First you identify technology that can potentially destroy you.

Next you determine the cost of the technology, and calculate the number of people who can afford it.

Next you calculate the intelligence required to make it all work, and eliminate the target folks in your list less intelligent than that.

Then, you determine the average number of people in the general human population that are statistically certain to carry out killing everyone using that technology.

If the number of people on your first list exceeds the percentage of psychopaths in your population , then there is a greater than 50% chance that the world will end in the span of time it takes for a person to learn about that new technology, purchase it, and turn it on.

A moment of consideration about the above mathematics reveals the stark fact of the situation — it is impossible for a species to remain technologically-advanced if their population contains even a small percentage of psychopaths, because technological progress guarantee that the price of technology drops low enough and ease of use drops far enough that it is a guarantee that at least one person in the pool of psychopaths in the species will act on the opportunity.

This is a dynamic driven by the simple probabilities of the factors that comprise it and as such acts as a hard limit on the species.
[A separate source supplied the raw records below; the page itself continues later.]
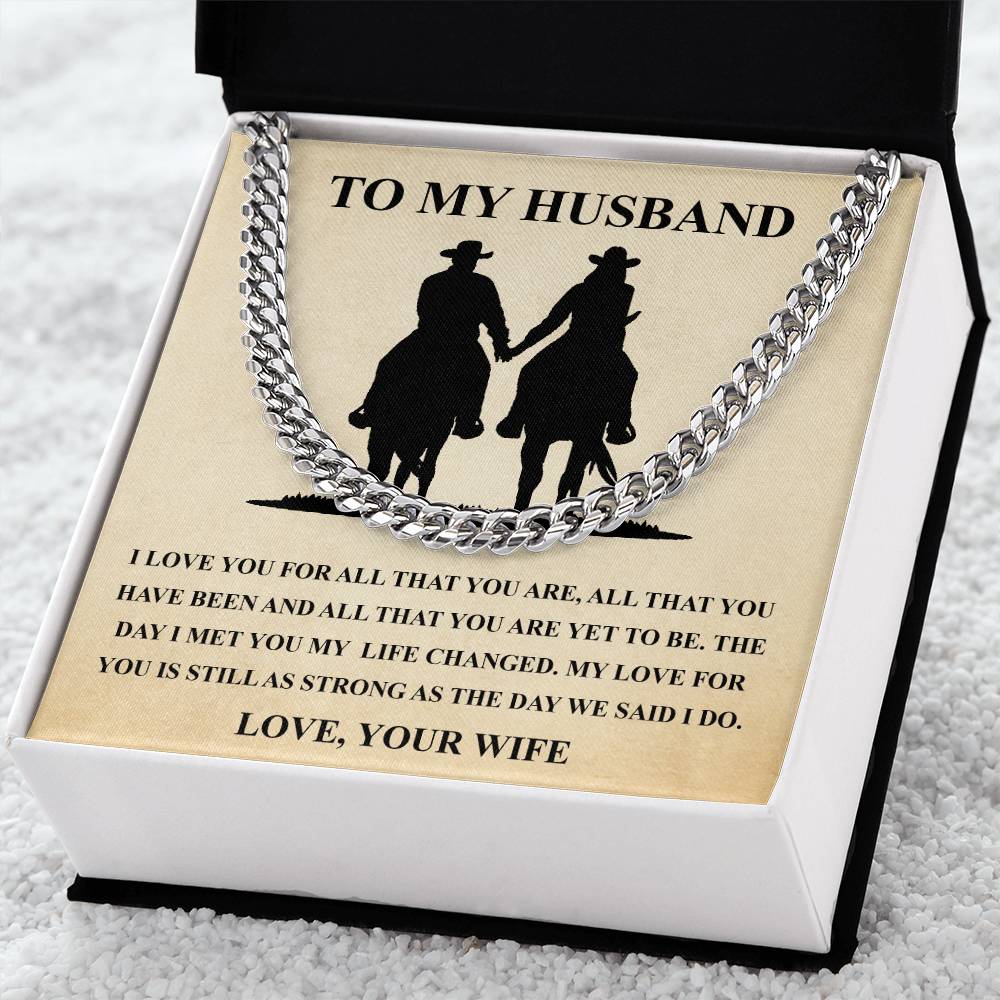 Husband Fathers Day Gift Silver Cuban Link Chain For Men Husband Birthday Gift Anniversary Gift For Horse Lover Cowboy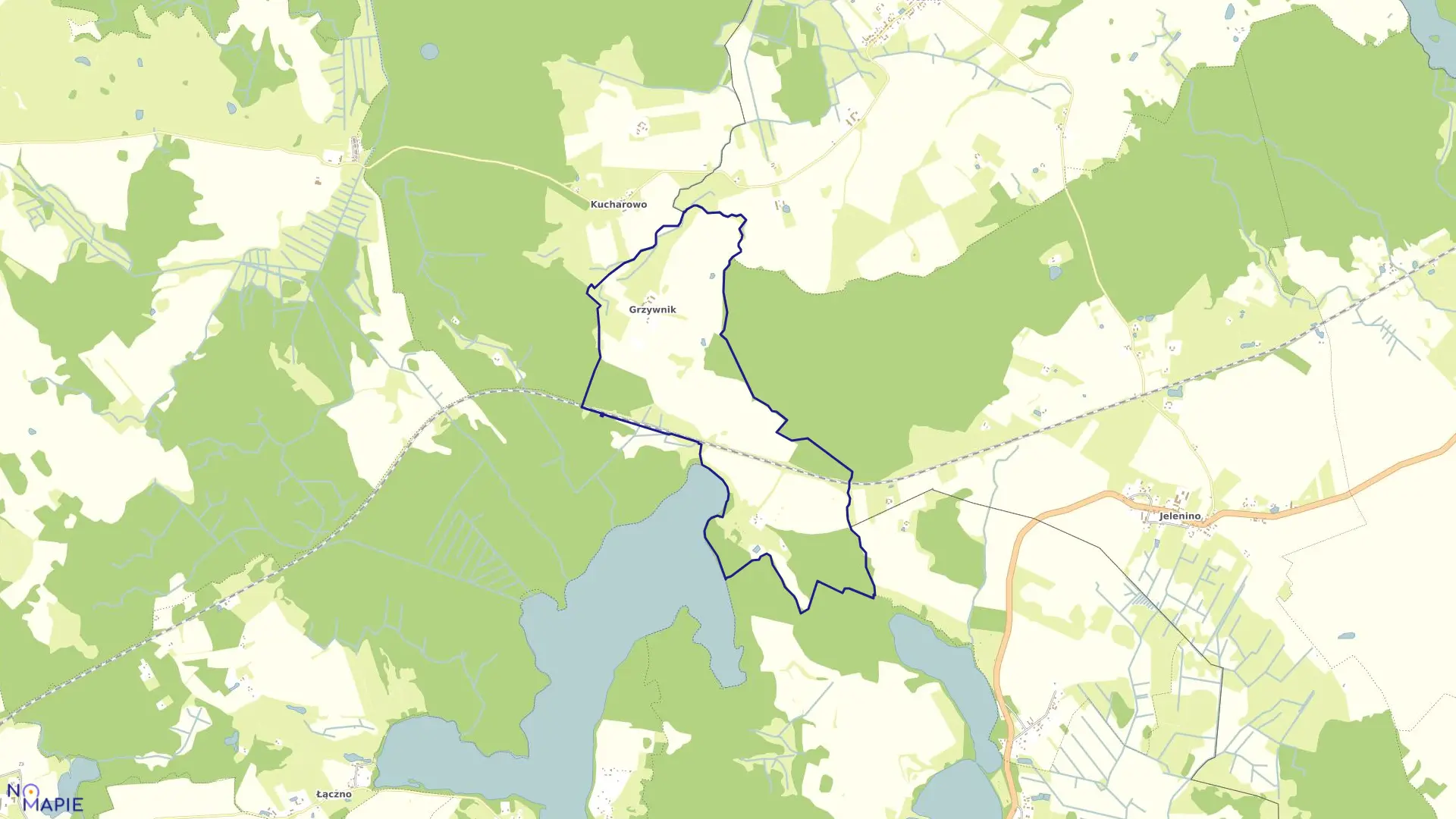 Mapa obrębu Grzywnik w gminie Borne Sulinowo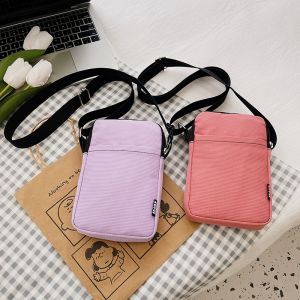 Mini Crossbody Phone Bag Canvas Coin Purse Key Holder Summer Walking Backpack Womens Functional Small Bag Mobile Phone Case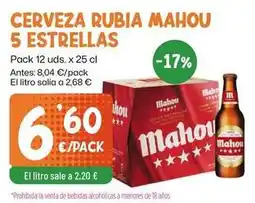 AhorraMas Mahou - cerveza rubia 5 estrellas oferta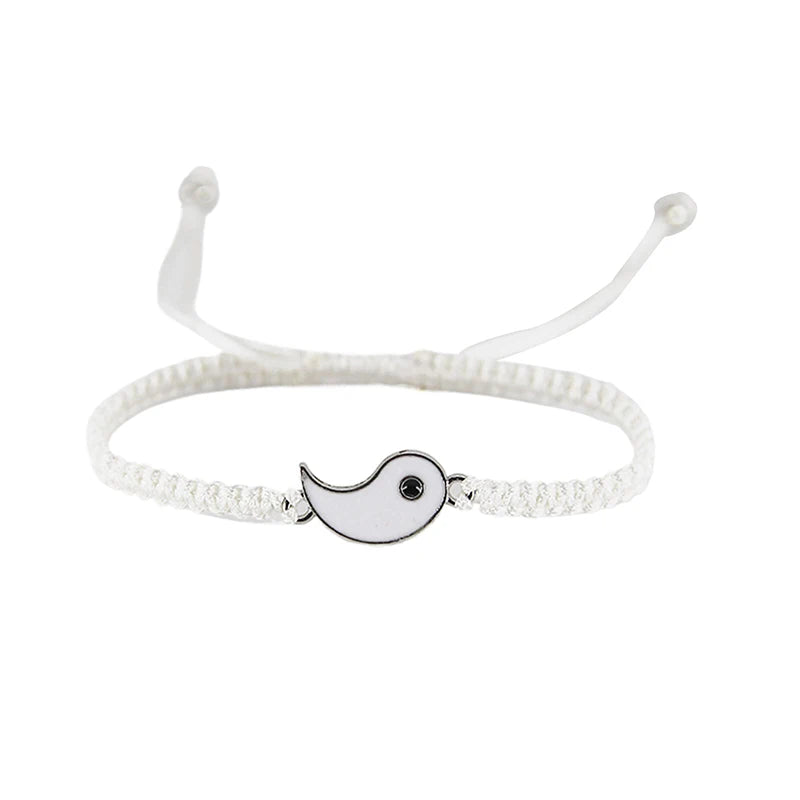 1PC Unique Simple Tai Chi Bagua Black And White Yin And Yang Rope Braided Telescopic Adjustment Bracelet For Men And Women Coupl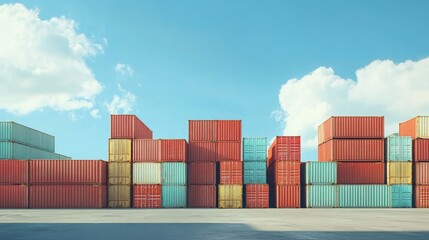 Fototapeta premium Stacks of colorful cargo containers in a bustling international shipping port.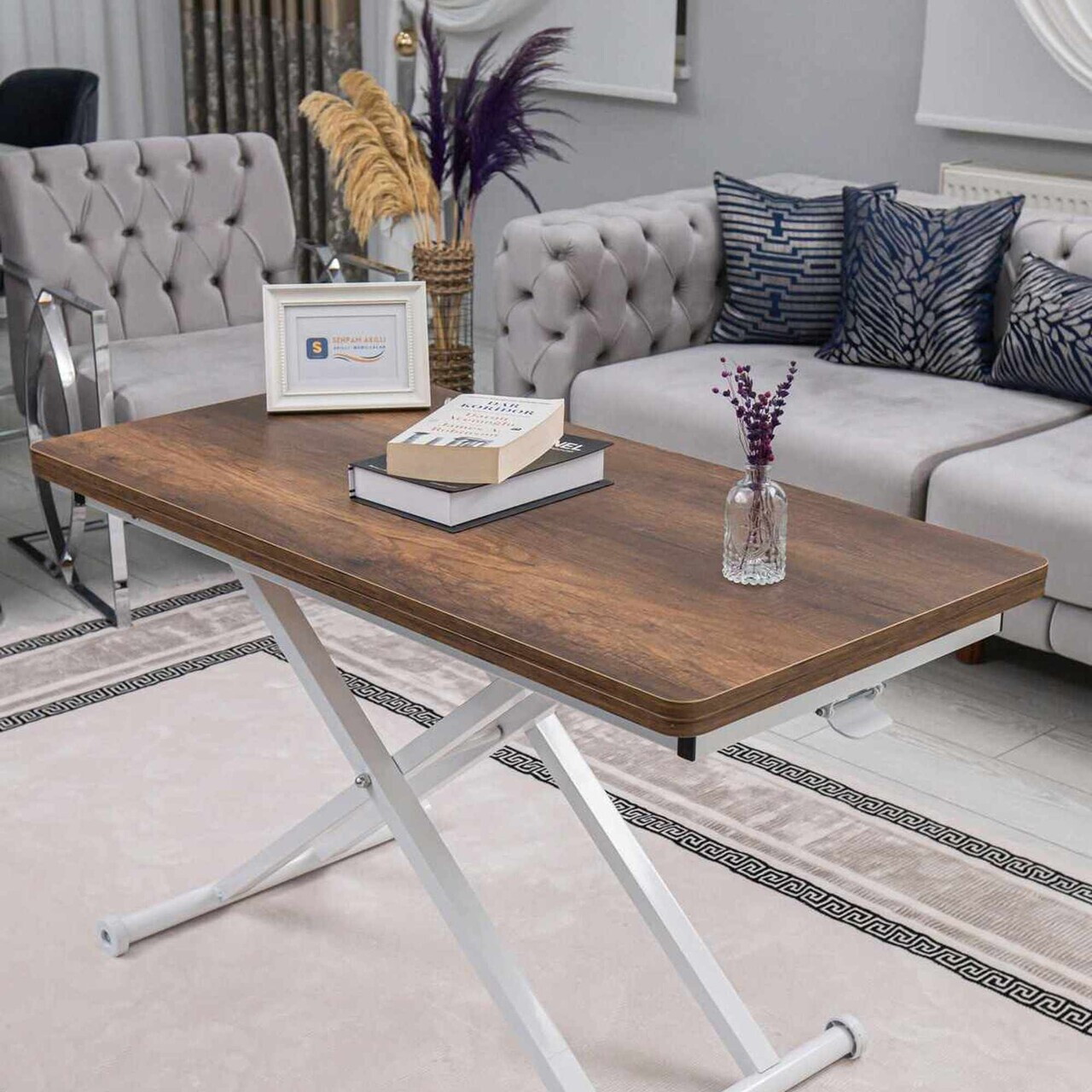 Masuta de cafea, Hanah Home, Home Ext, MDF, Nuc/Alb — imaginea 4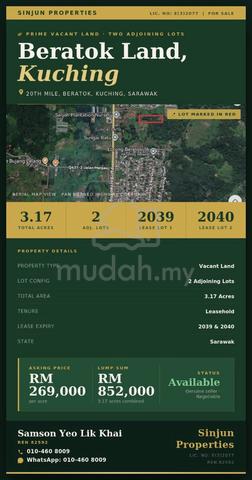 FOR SALE–2 Adjoining Lots of Vacant Land | 20th Mile, Beratok, Sarawak 1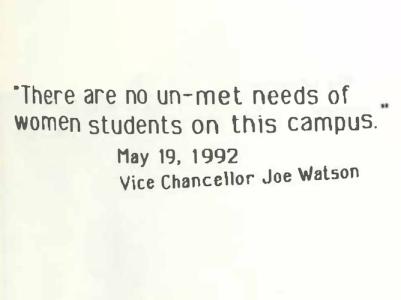 UCSD Protest Women's Resource Center Encampment (1992): Out of Touch Admin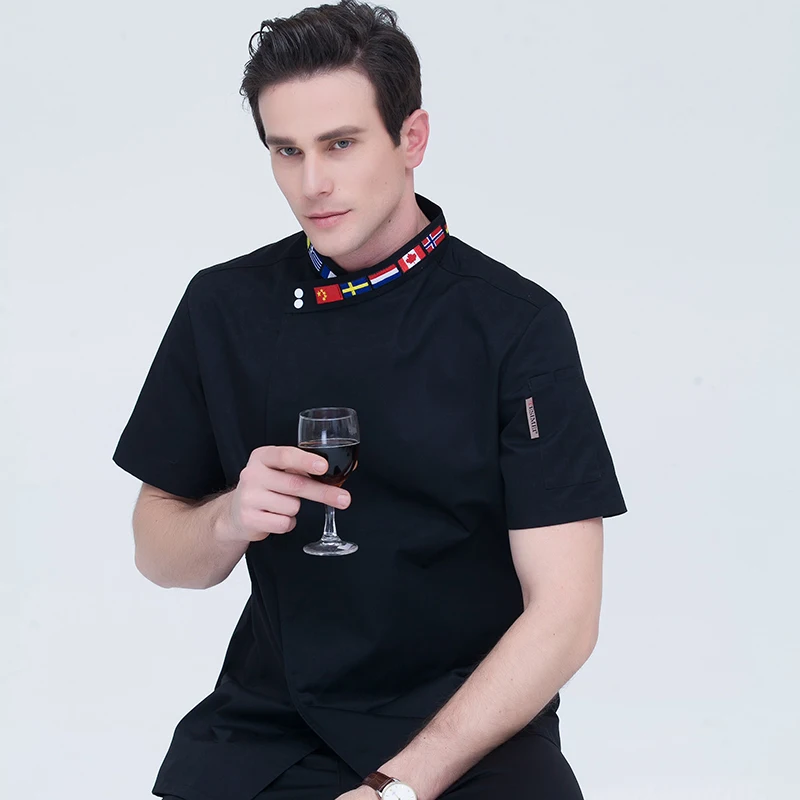 High Quality Black White M-4XL Wholesale Women Men Short-sleeve Oblique Embroidery Collar Kitchen Hotel Chef Jacket Bake Uniform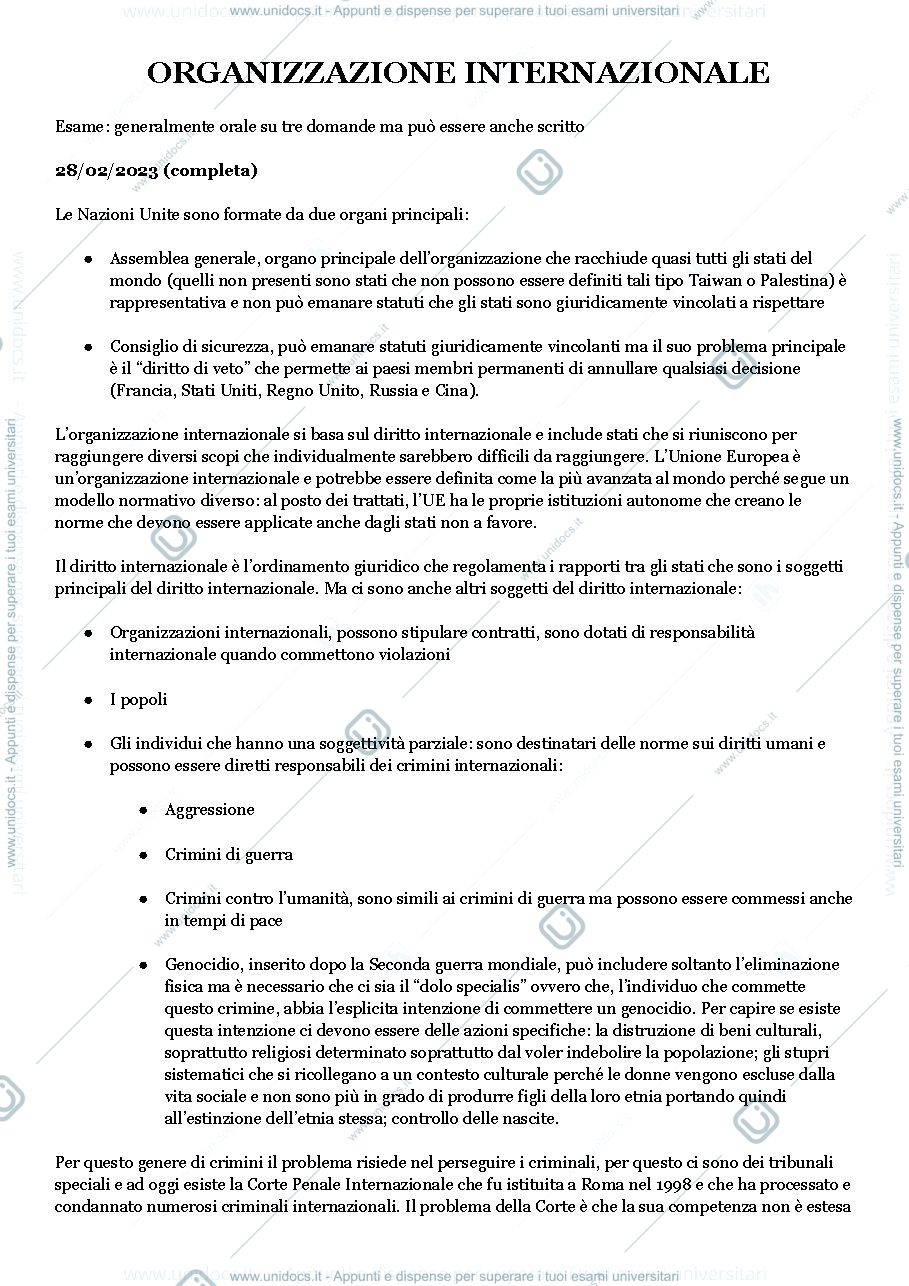 Anteprima pagina 1 — ORGANIZZAZIONE INTERNAZIONALE 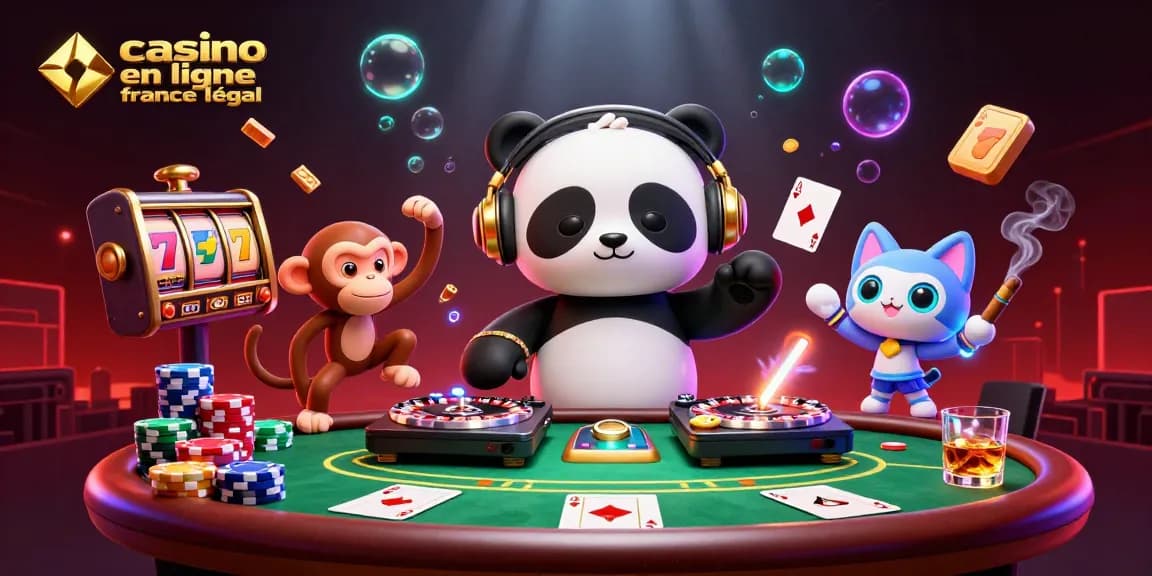 Un panda DJ animé mixant sur des roulettes avec des équipements festifs, promouvant casino en ligne France légal.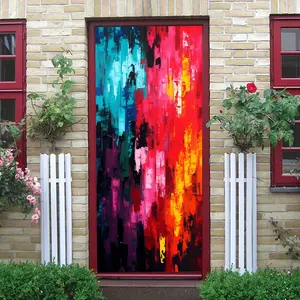 2pcs Modern Abstract Art Door Sticker Creative Colorful Graffiti Wall Decal Self Adhesive PVC Home Decor Sticker Living Room Bedroom Wall Decor Mural Removable Waterproof Wall Art Home Decor Sticker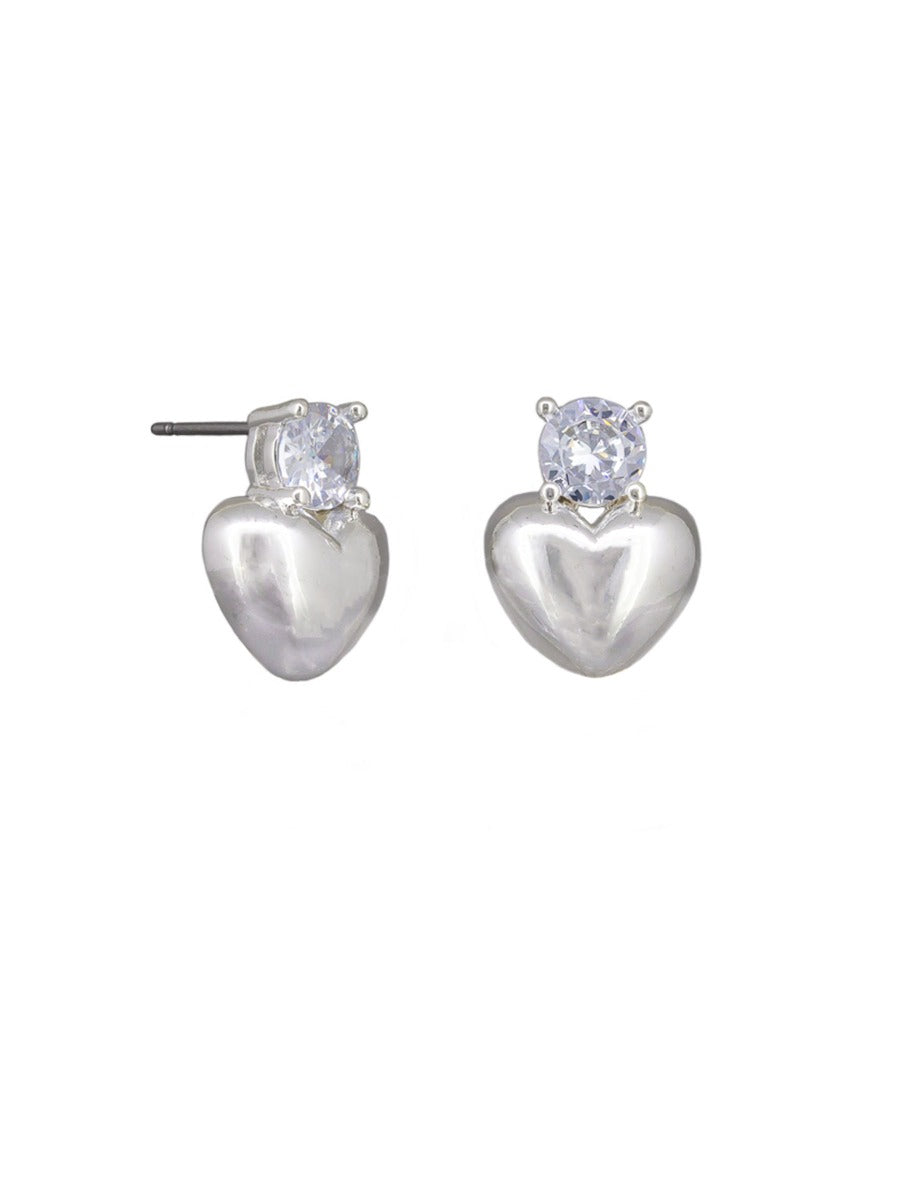 TT25 Caramia Crystal Heart Stud SILVER
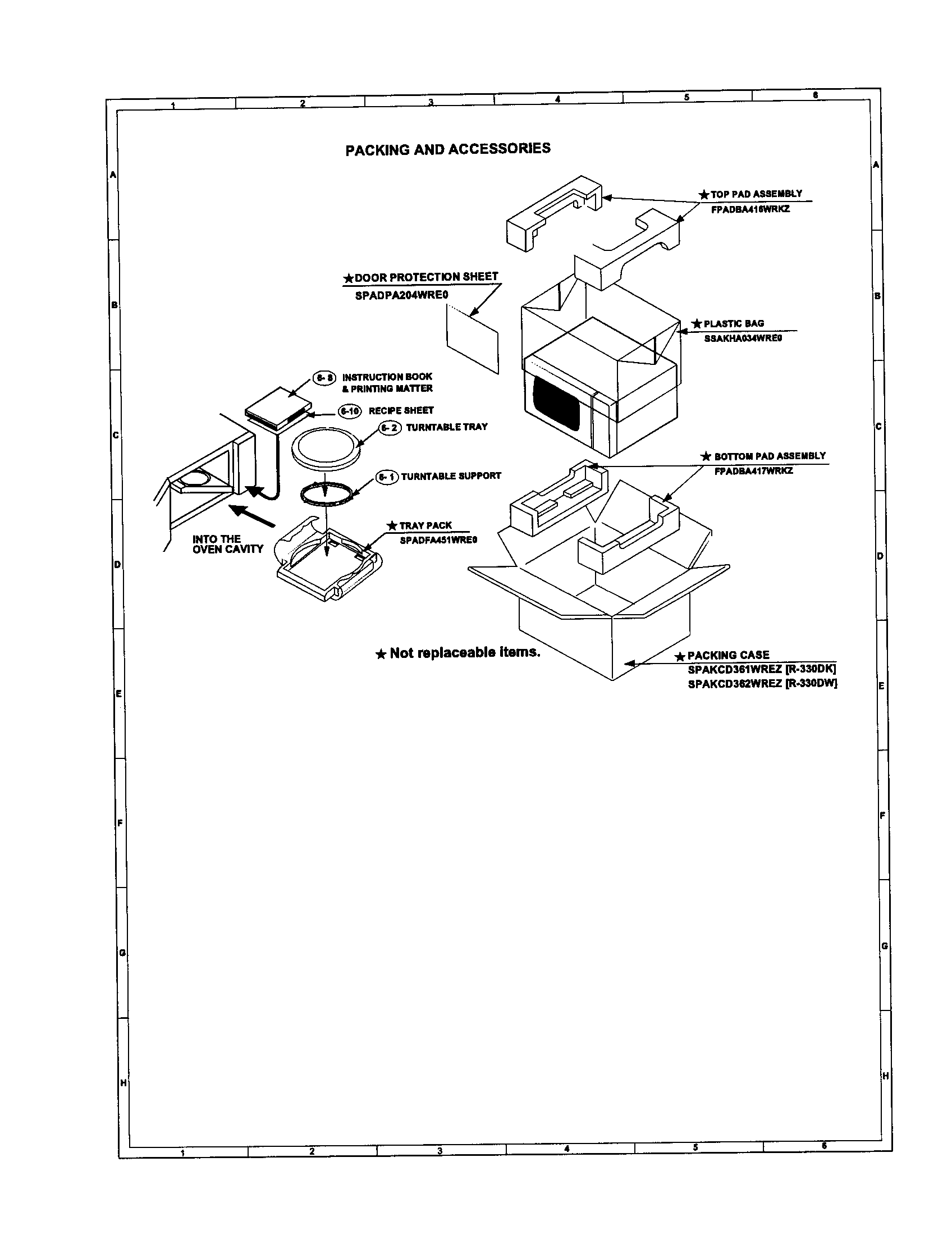 Sharp R-330DK packing and accessories diagram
It’s not something that can be dealt with or mitigated with half-measures. It’s statistics.

The inferences made from here are clear. There are a limited number of options:

  1. Limit technological growth
  2. Limit technological access
  3. Limit access to information
  4. Limit the number of psychopaths among us

Any applied limits to technological growth or access defeat the nature of technology and therefore the logical action following that path is the cessation of technological research beyond the point of comfort.

But that’s not viable because then enforcement of the technological restrictions becomes an issue.

The highly technological ‘nation-state’ or centralized model requires complete technological control of every person in order for the system to function — halfway measures will not be applied in such scenarios, because they lead to the complete destruction of the system as a statistical certainty.

The alternative is to limit the number of psychopaths among us. Performing this task collectively and earnestly, by becoming a healthier species, a more caring species, is a process of conscious, directed evolution — an evolution which is rapidly transformative individually and collectively. But it must be chosen.

It is our measure — or lack — of love that acts as the great filter to determine our destiny. Until we learn that leaving even a single member behind or uncared for among us is a guarantee of eventual species desxtruction, nature will meet our attempts at growth with destruction.

The Great Filter is our own lack of animation of our capacity to love — love not just things that satisfy our moments desires, but all things, because we can — because it is the only thing that mitigates the statistical realities that nature presents.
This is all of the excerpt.